À mon avis, et si l’on considère uniquement la Loi de 1971, un tel acte ne saurait être validement qualifié de « procédure » au sens tout à fait ordinaire de ce mot, encore moins de « procédure » au sens restrictif qui doit, pour les raisons susmentionnées, être attribué à ce mot tel qu’il est employé dans la Loi.
[…]
Cependant, même si je me trompe dans mon appréciation de la question, je souscris totalement à la décision du juge sur le second point, c’est-à-dire qu’il serait manifestement contraire à l’ordre public de reconnaître ici comme valide un divorce résultant tout bonnement de la formule du talaq.
[21] Les principes de common law qui régissent la reconnaissance des divorces étrangers vont au-delà de la nécessité de l’existence d’un lien réel et substantiel avec le lieu où est prononcé le divorce, mais comprennent les conditions primordiales que sont le respect des formes régulières et l’équité procédurale. Ce point fut exposé par lord Pearce dans l’arrêt Indyka v. Indyka, [1969] 1 A.C. 33 (H.L.), dans le passage suivant, à la page 88 :
[traduction] J’estime cependant que nos tribunaux devraient se réserver le droit de refuser d’entériner les jugements qui heurtent l’idée que nous nous faisons d’un authentique divorce. C’est ce qu’ils font lorsque des jugements vont à l’encontre des principes de justice fondamentale, et cela comprend évidemment un jugement obtenu par fraude. Mais je crois que cela comprend aussi, ou devrait comprendre, le jugement rendu lorsqu’une épouse est allée à l’étranger pour obtenir un divorce et que l’on peut dire que le divorce ainsi obtenu ne s’accorde pas avec l’idée que nous nous faisons d’un divorce authentique.

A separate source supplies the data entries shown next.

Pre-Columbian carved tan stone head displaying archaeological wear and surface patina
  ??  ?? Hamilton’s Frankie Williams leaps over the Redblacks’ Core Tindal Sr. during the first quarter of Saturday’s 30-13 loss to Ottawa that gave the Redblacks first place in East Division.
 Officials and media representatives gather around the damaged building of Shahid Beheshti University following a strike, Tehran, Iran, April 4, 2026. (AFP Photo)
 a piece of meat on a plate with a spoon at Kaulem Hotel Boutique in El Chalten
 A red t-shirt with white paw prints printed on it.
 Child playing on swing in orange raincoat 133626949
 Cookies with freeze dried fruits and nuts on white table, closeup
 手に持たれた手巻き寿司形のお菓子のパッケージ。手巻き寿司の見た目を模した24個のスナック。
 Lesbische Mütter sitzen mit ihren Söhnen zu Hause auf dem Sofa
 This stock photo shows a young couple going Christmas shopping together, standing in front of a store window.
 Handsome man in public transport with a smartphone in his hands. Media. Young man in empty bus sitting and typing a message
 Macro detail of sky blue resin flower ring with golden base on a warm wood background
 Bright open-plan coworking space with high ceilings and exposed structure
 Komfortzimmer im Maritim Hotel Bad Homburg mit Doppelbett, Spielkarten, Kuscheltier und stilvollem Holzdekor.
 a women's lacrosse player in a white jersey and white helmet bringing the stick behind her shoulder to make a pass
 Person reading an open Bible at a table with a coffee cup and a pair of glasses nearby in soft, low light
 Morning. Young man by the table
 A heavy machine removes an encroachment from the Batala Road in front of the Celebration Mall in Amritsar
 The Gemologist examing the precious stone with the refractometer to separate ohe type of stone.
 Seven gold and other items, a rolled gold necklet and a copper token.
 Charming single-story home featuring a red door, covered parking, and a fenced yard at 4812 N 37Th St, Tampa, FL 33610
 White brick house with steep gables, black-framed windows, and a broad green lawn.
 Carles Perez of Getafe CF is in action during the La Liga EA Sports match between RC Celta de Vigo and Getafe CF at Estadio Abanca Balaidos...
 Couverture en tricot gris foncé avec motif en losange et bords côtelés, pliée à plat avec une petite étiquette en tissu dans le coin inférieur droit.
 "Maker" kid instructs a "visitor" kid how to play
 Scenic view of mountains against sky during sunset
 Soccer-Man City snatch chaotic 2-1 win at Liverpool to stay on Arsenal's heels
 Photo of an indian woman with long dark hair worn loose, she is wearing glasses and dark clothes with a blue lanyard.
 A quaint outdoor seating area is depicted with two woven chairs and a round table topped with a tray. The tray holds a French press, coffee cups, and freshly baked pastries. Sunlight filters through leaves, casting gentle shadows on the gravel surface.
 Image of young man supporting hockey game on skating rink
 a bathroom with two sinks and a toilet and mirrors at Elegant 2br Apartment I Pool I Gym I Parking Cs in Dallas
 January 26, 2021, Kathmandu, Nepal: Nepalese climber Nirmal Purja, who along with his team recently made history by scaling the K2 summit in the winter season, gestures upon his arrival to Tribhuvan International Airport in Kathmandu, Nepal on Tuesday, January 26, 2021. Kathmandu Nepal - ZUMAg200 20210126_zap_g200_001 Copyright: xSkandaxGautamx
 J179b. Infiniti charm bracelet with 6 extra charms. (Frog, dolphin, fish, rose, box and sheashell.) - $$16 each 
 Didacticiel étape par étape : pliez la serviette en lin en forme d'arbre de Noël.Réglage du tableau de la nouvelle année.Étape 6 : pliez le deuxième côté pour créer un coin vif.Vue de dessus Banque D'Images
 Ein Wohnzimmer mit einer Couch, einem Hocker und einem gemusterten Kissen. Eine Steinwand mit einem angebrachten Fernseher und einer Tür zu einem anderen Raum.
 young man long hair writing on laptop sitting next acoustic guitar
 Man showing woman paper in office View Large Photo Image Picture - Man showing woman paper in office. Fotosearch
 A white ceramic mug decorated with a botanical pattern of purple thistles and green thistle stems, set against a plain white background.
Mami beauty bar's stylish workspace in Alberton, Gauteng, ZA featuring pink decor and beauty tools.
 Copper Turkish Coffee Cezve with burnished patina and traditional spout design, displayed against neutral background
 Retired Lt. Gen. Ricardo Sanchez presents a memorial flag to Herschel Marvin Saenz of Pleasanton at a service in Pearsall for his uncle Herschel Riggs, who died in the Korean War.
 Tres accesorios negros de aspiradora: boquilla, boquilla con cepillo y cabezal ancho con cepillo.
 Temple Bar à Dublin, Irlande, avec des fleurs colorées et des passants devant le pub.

[22] Ce point capital a aussi été souligné par le juge J. E. Fichaud, dans la décision Orabi v. El Qaoud (2005), 12 R.F.L. (6th) 296, où il était demandé à la Cour d’appel de la Nouvelle-Écosse de reconnaître une déclaration de divorce délivrée au mari par un conseil chargé de l’application de la charia en Jordanie. Après un examen approfondi des principes de common law régissant la reconnaissance des divorces étrangers, le juge Fichaud écrivait ce qui suit (au paragraphe 18) :
[traduction] M. El Qaoud savait où habitait Mme Orabi. Or, il n’a pas signifié à Mme Orabi l’avis de la procédure de divorce. Ce n’était pas un cas où l’intimée était difficile à localiser, cherchait à se soustraire à la signification de l’avis ou était l’objet d’une ordonnance portant signification indirecte. Le tribunal jordanien a, semble-t-il, accordé le divorce sans exiger la preuve qu’avis de la procédure avait été signifié à Mme Orabi. En décembre 2002, Mme Orabi s’est vu remettre par messager un jugement de divorce, rendu par un tribunal devant lequel elle n’avait pas comparu, dans un pays avec lequel elle n’avait aucun lien, à la suite d’une procédure qui ne lui avait pas été signifiée. Ce jugement de divorce allait modifier son statut et ses mesures accessoires. Cela contrevient aux principes de justice naturelle. Je serais d’avis de refuser, pour ce motif, la reconnaissance du document de divorce révocable.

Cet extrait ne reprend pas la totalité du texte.